EXERCISE DESCRIPTION> Write the listing below out again in full, dropping its pictures.

DATASET CONTENT>
■ ■ ■ ■ ■ ■ ■
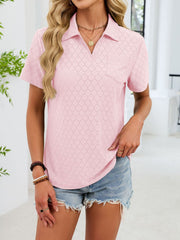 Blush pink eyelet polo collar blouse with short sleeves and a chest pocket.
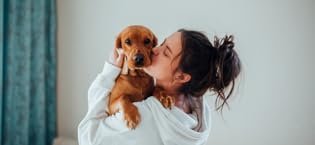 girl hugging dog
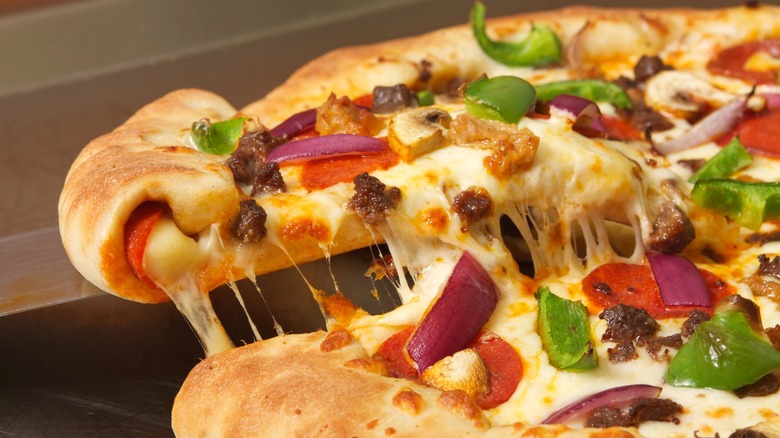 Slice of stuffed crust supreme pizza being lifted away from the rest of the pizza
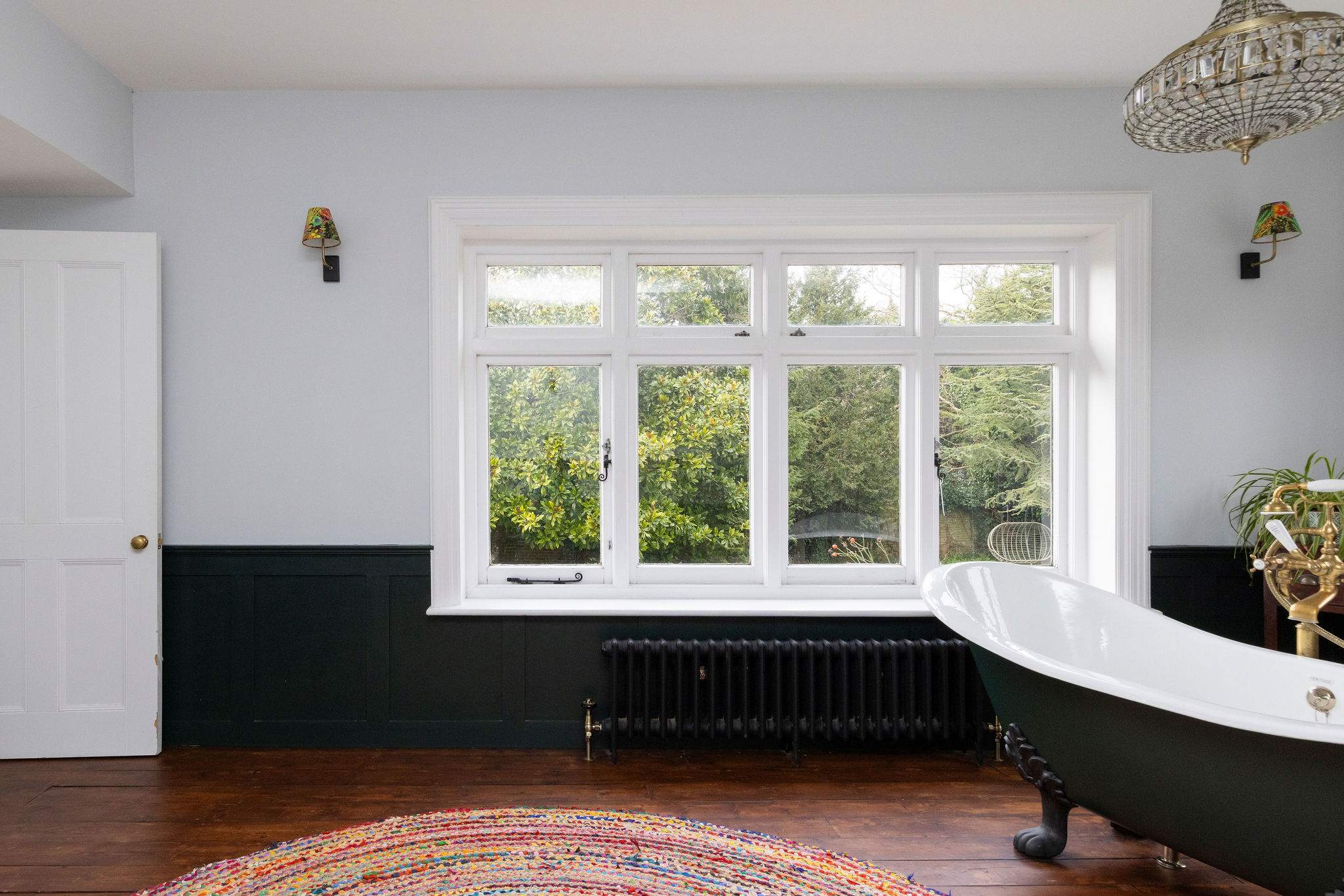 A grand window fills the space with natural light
■ ■ ■ ■ ■ ■ ■
OUTPUT BELOW>
 Blush pink eyelet polo collar blouse with short sleeves and a chest pocket.
 girl hugging dog
 Slice of stuffed crust supreme pizza being lifted away from the rest of the pizza
 A grand window fills the space with natural light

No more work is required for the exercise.